One wonders what they would do if we had a war on. Wait....

This leaves about 18 hours a day for news. News which is about 30% entertainment news, and mostly reported by spokesmodels with very nice hair.

And this is where I get back to Peter Jennings and why I shall miss him.

This morning Headline News was covering President Bush's signing of the new transportation bill (a bill which I have no opinion of, and could honestly care less), and part of the story centered around a lot of pork added to the bill as riders benefitting local rep's districts, etc... Of course, it was mentioned that there were "critics of the bill", but no party affiliation or names were named. However, it WAS mentioned that "critics of the bill" felt that there was a lot of pork on the bill.

At the conclusion of the story, CNN News Bunny Kathleen Kennedy rolls her eyes and says "there's always critics". And not in a "ha ha, there's always someone out there who doesn't like something" sort of way. It was pretty clear that Ms. Kennedy is just sick and tired of all these people who keep bugging the President.

Dear Kathleen Kennedy:

Your job is to read the teleprompter, look grave when discussing death and smile as we go to commercial. Try not to @#$% it up.

Love,

The League


The reason we call journalists "The 4th Estate" isn't because it sounds awesome (because it sort of does), it's because in a world of shady bastards posing as electable do-gooders, we're lucky enough to live in a country where the press got it's groove on by taking pot shots at the shadier dealings of the elected shady bastards. It has long been expected that political decision makers are kept in check not just by the 3 branches of government, but by our belief that citizens (journalists) can peer into a transparent government and question decision making.

I'm a firm believer that journalists are supposed to be making waves and looking for corruption and vice. Despite party affiliations, journalists should be responsible for covering a story in its entirety, including voices of dissent. And they should be able to try to reporty upon the facts without editorial comment. If the facts of what they're trying to report on aren't enough, then the story doesn't stand on it's own.

I'm not sure I mourn just Peter Jennings, but the Edward R. Murrow school of journalism. It's not enough that the major networks are going to continue to slash the budgets of their news agencies in the face of the 24-hour news channel. But the big three knew they weren't just serving one political side of the fence or the other, they made an effort to stick to straight-forward reporting for the entire country.

All journalists are guilty of selecting stories which slant to their point of view. But that shouldn't change the fundamental nature of the journalist's job. Having a point of view is human nature, but it's also why we have editors and editorial boards. And it's also why journalists should try to be twice as hard on politicians with whom they feel they can support.

We're now getting our news from talking heads whose greatest aspiration was NOT to be a journalist, but to be a face on television. With the same pie of money cut into a million slices, journalistic ethics and standards are a liability in the battle for audience share.

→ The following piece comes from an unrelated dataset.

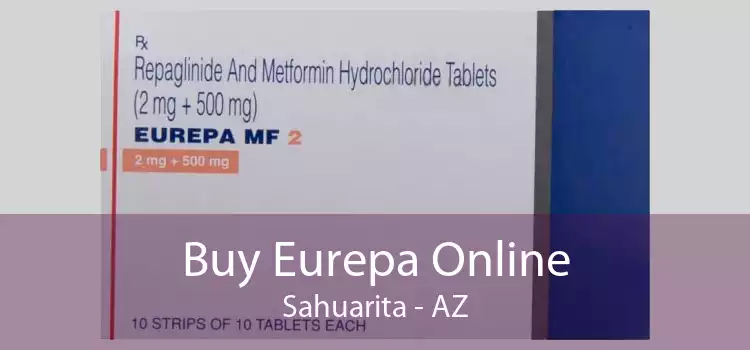 Buy Eurepa Online Sahuarita - AZ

After all, news and anchors that match and reinforce preconceived notions rather than challenge the common wisdom turn out to be a big draw. Especially when they paint opinion and spin as unvarnished truth.

In any event, the role of an anchor shouldn't be to hear a news story and then dismiss part of the story out of hand because they don't find it convenient. Try not to look like you just rolled out of bed, read your teleprompter and go home. Collect a pay-check every two weeks. Your job is pretty simple.

And before everyone comes down on me like a ton of bricks saying that I wouldn't be saying this if I agreed with Kathleen Kennedy, I most assuredly would. It's the same reason I don't get my news from Al Franken, and I try to get my news from wire reports instead of television to begin with.

I know I'm in the minority, but I'd gladly pay extra for a cable news channel which did nothing but go back to Headline News' original format. Give me Lynne Russell and thirty minutes of the same stories in rotation all night long. I'm up for that.

I'm mad as hell, and I'm not going to take it any more.